Anyone Sleeping Well at the Moment Is Badly Informed

The other day I spent a lot of time staring at Barack Obama’s socks. It was one of those photos from the Situation Room: the apparently windowless room with the leather armchairs and numerous monitors, where commander in chief O. and his uniforms always sit when bin Laden dies or another half-baked “operation” starts. This time, O. had just ordered air strikes in northern Iraq. His left foot was rested across his right knee.

The aesthetics that the White House has cultivated here are interesting — very withdrawn, without heroic pathos. The pictures exude sobriety and a tense working atmosphere. They depict a thoughtful superpower: The allegedly most powerful man in the world listens, inquires, reflects, decides, even suffers a little. These days, he isn’t stupid enough to believe that one always has to do the right thing. However….

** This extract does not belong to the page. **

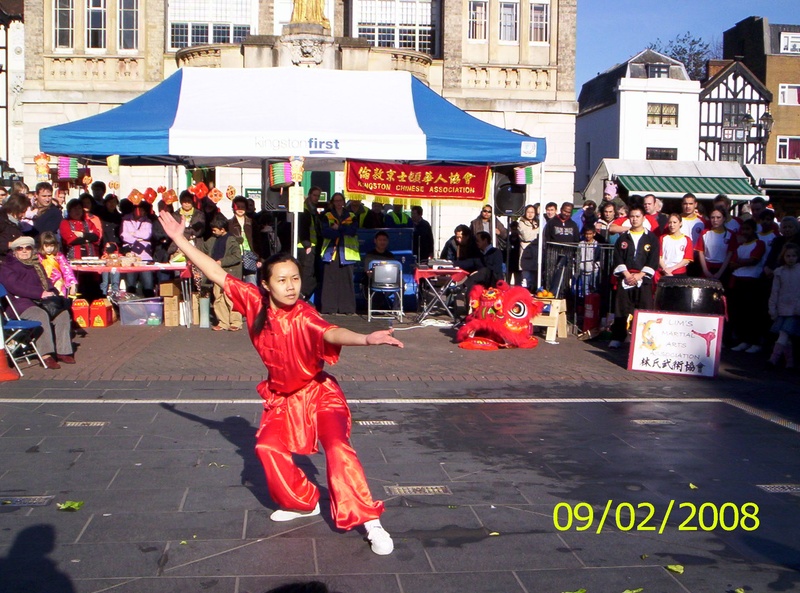 Wushu Kingston 2008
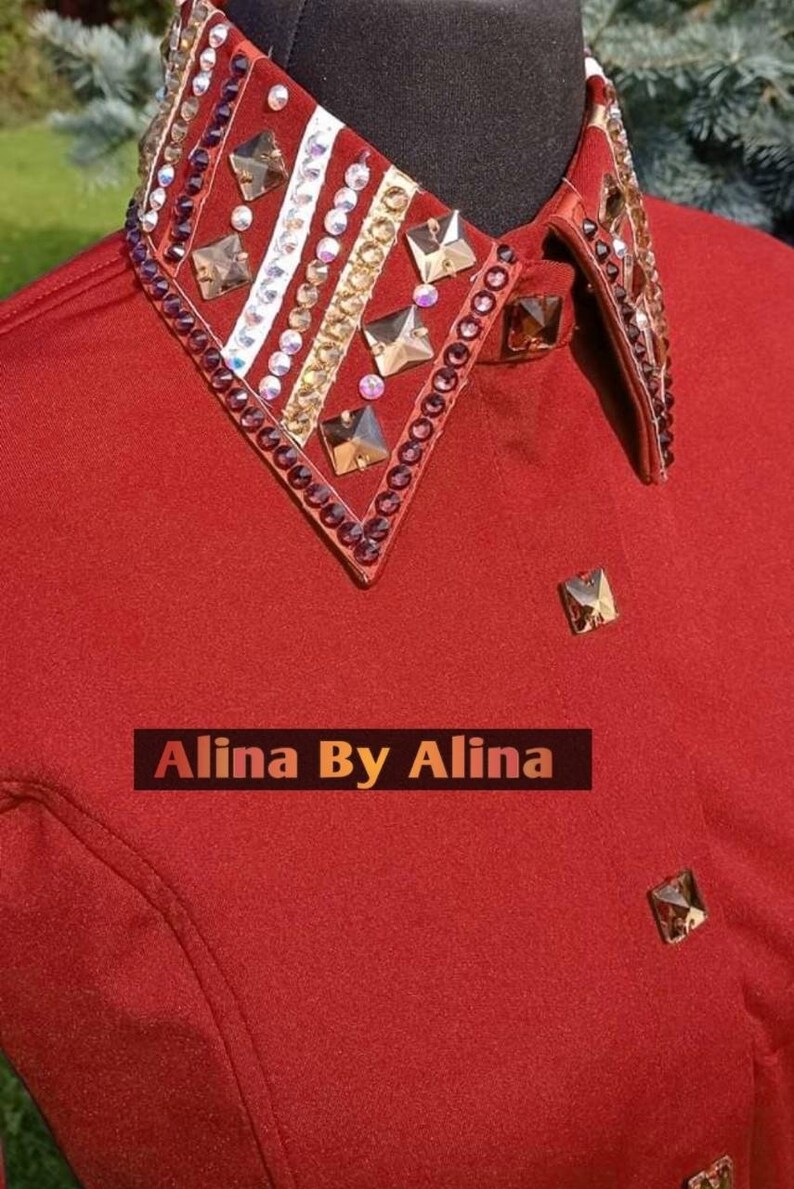 Western custom Rodeo Queen Show Shirt in stretchable Stuff with Glass Stones Embellishments image 3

Then the fighter jets and a couple of drones took off, to stop the quickly advancing IS militia fighters from the aircraft carrier “USS George H. W. Bush” — a joke in very bad taste. It is named after George Herbert Walker, the old Bush, who conducted the first Iraqi war in 1991. His great goal, he declared at the time, was “a new era, freer from the threat of terror, stronger in the pursuit of justice, and more secure in the quest for peace.”

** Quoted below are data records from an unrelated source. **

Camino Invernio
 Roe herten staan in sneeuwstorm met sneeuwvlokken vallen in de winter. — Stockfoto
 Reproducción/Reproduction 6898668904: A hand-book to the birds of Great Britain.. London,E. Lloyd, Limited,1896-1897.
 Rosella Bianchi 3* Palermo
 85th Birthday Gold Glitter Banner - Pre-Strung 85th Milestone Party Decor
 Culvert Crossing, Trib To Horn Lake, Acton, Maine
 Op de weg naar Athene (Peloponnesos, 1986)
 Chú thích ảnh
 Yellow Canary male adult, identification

Operations Desert Shield and Desert Storm followed Desert Strike … Thunder … Viper … Fox … and many, many more. People died in six-figure numbers. And there were many interventions in other places — Bosnia, Kosovo, Afghanistan, Libya, Mali…. As Bush I let loose, a Mr. Fukuyama posited “the end of history.” Rarely has something stupider been written.

Operation Desert Shit

And today? Nearly a quarter of a century and countless “Operations” later, anyone drawing up a balance sheet will be shocked. Iraq symbolizes the foolhardy confusion of a U.S. foreign policy which keeps maneuvering itself into tricky situations and notoriously relies on false friends (in this region, the Saudi royal family). Now, it actually appears to have no strategy — not even a wrong one. Its name could be “Operation Desert Shit.”

No, in my opinion, military interventions are not wrong in principle, including those currently in northern Iraq. But they are always products of acute dilemmas with sad histories, quick emergency operations after long periods of bad policies.

Now it is high time we look very carefully and ask: What is causing the galloping brutalization of the world? How many terrorists has this “war against terror” produced? Islamic fighters now cavort around in a corridor measuring several thousand kilometers, from Mauritania to the Philippines. In addition to this, there is (among others) the constant Near East conflict, which is currently ablaze in Gaza, and a new cold war, which is already rather hot in east Ukraine.

Anyone sleeping well these days is really very badly informed.

Obama said recently that before taking any steps toward an intervention, one must make sure that we “have an answer for the day after” —a correct and astonishingly late realization. Perhaps he should hang that sentence on the wall in the Situation Room.